Immune Boosting Chicken and Rice Soup

It’s raining and cool today so I decided to modify a recipe I found and get ready for fall with some healthy, delicious soup! I took advantage of our local farmer’s market and picked up a bunch of kale and a large leek. Most of the other items I had on hand so this was a fairly inexpensive soup and it made about 5 quarts!

2-3 tbsp olive oil
2 pounds chicken, deboned and skin removed, cut into small cubes
10 cups chicken broth
8 cups kale
3 large carrots, finely chopped or sliced
1 medium leek, white and light green parts thinly sliced
1 lemon thinly sliced or peel removed and cut into small cubes
1/3 cup lemon juice
1 tbsp lemon pepper seasoning
4 cups cooked rice

Coat chicken in olive oil and lemon pepper seasoning and cook in a large pan on stovetop over medium heat until cooked through.

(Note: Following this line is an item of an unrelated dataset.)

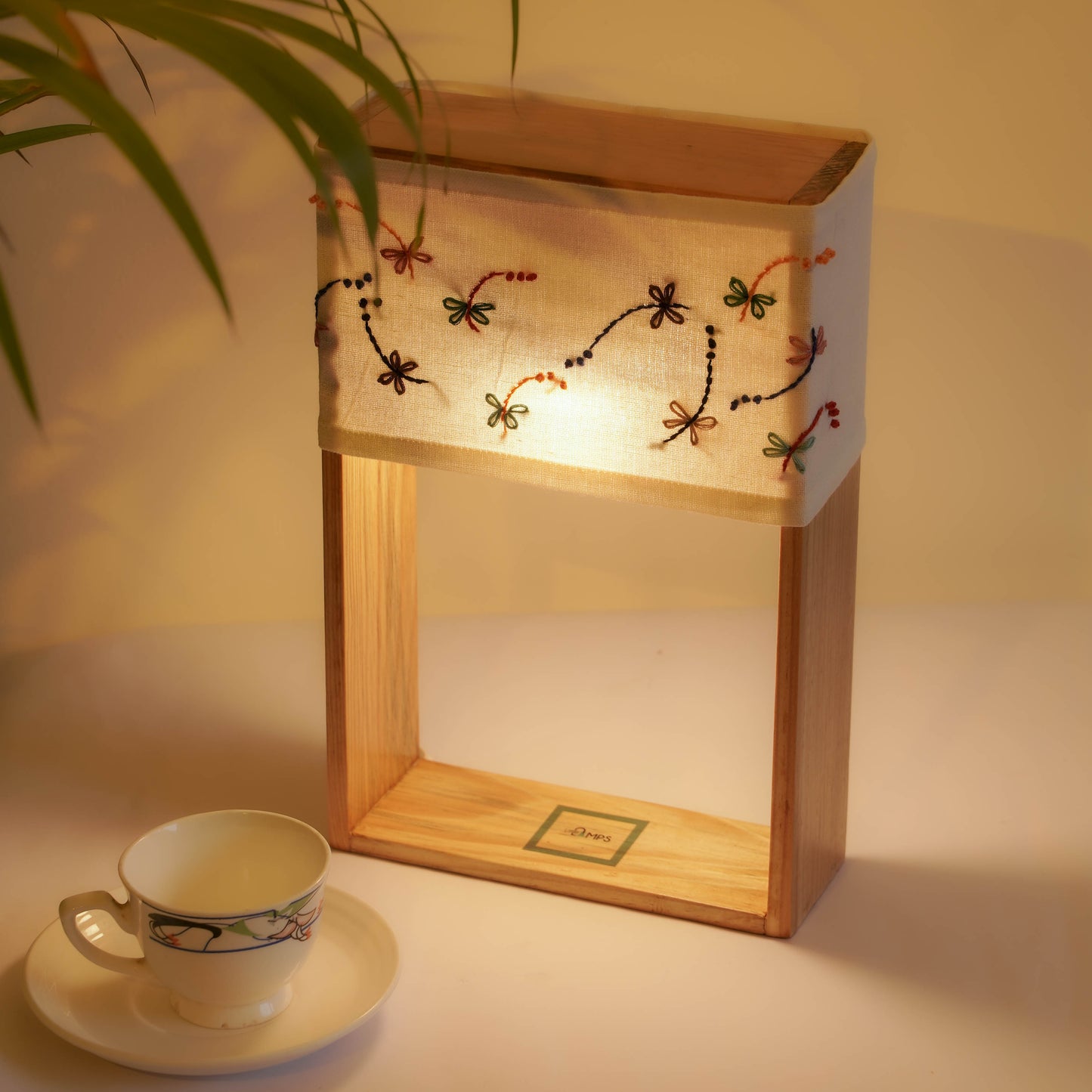 Pine Glow Butterflies Lamp with Hand-Painted Wise Owl Artwork – Unique Decor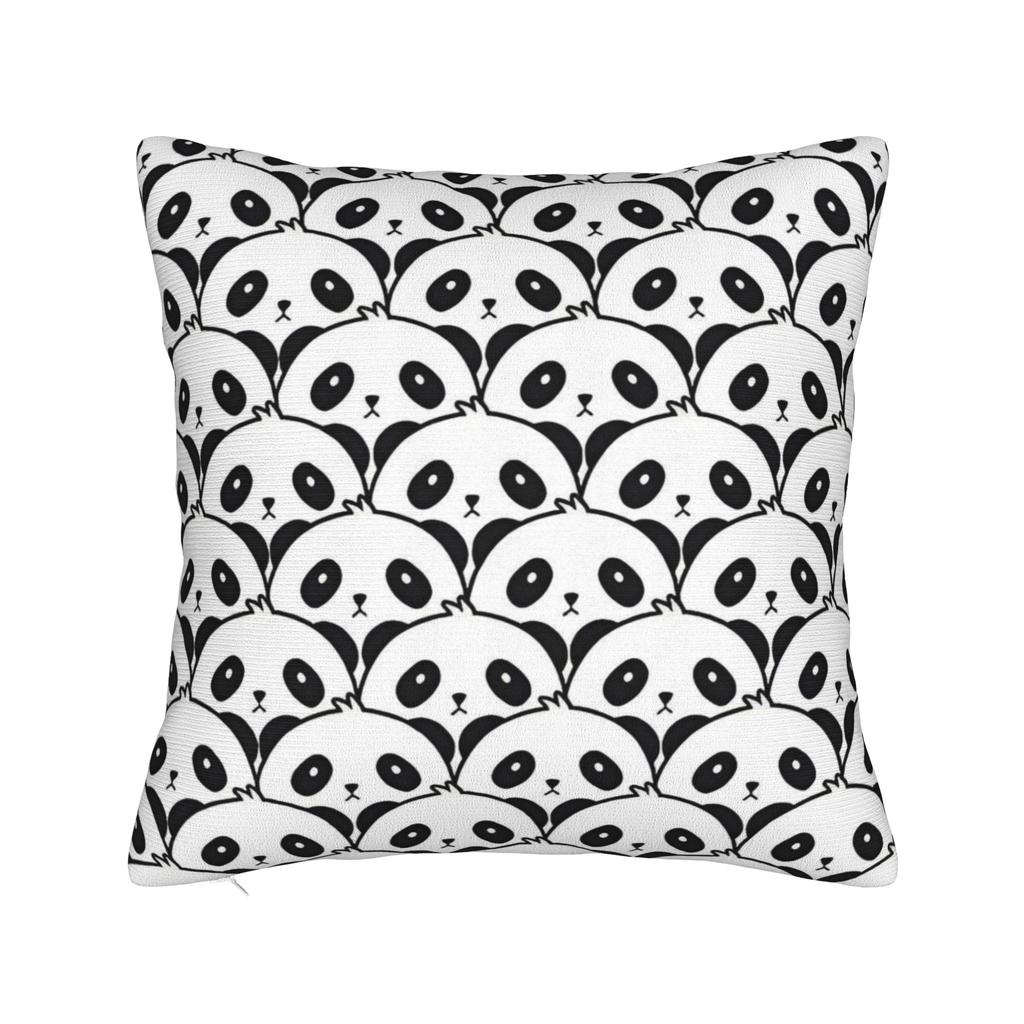 Sushi Panda Square Pillow Case Food Cushion Cover Vintage Polyester Decorative Throw Pillow Case Cover For Home 40*40Cm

In a 6 qt pot combine a bit of olive oil, carrots, and leeks and cook over medium heat until carrots become slightly tender.

Add in chicken to the carrot mixture and stir well. Slowly add in chicken broth and lemon juice. Bring to a boil. Lower heat and add in lemon slices and kale. Simmer until veggies are tender, about 20 minutes. Add in rice and heat through.

For extra lemon flavor use and additional 1/2 cup of lemon juice when cooking the rice. For a bit of a kick add in more black pepper to taste.